• **Problem description**:
Write out exactly the lines from the one with "Sony VPL-DX221" through the last line of the data below, but not the pictures.

• **Data to examine**:
+===+

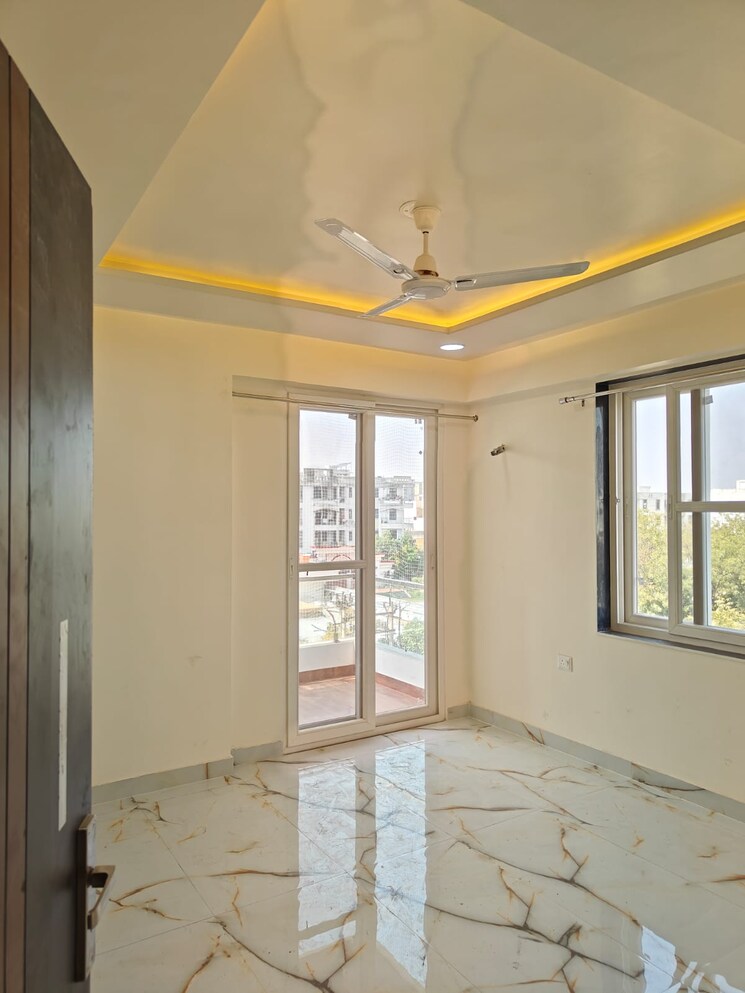 Room, prem-sagar-apartments 3 Bedroom 1705 Sq.Ft. Apartment In Nirman Nagar Jaipur 9106995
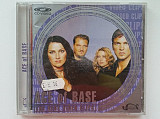 Ace of Base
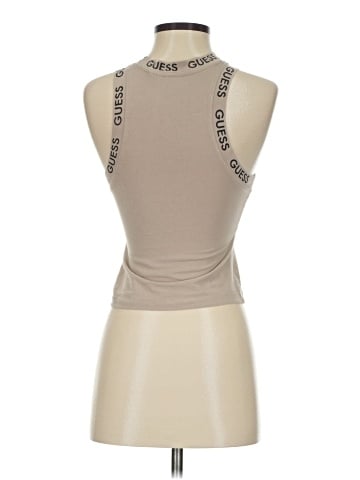 Guess Tank Top (view 2)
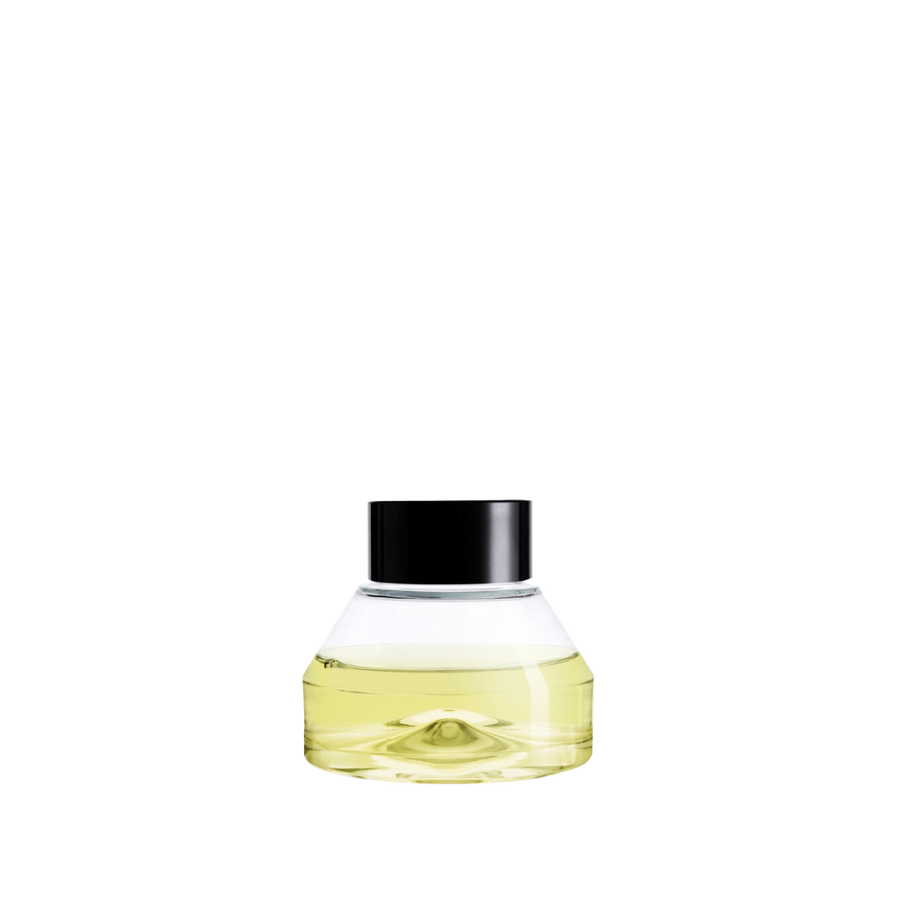 Tubéreuse / Tuberose Hourglass Diffuser Refill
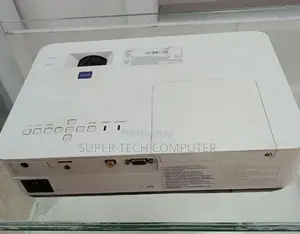 Sony VPL-DX221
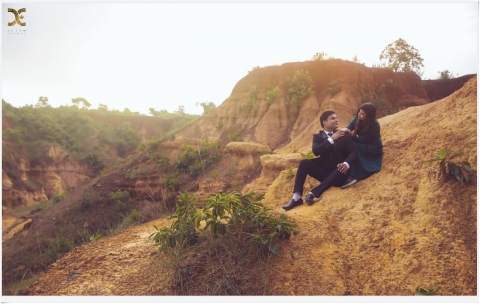 Saket Agarwal Photography 6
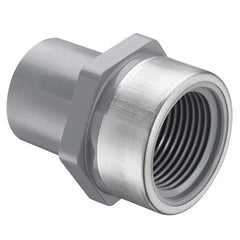 SPEARS 878-010CSR PIPE FITTINGS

+===+

• **Written solution**:
 Sony VPL-DX221
 Saket Agarwal Photography 6
 SPEARS 878-010CSR PIPE FITTINGS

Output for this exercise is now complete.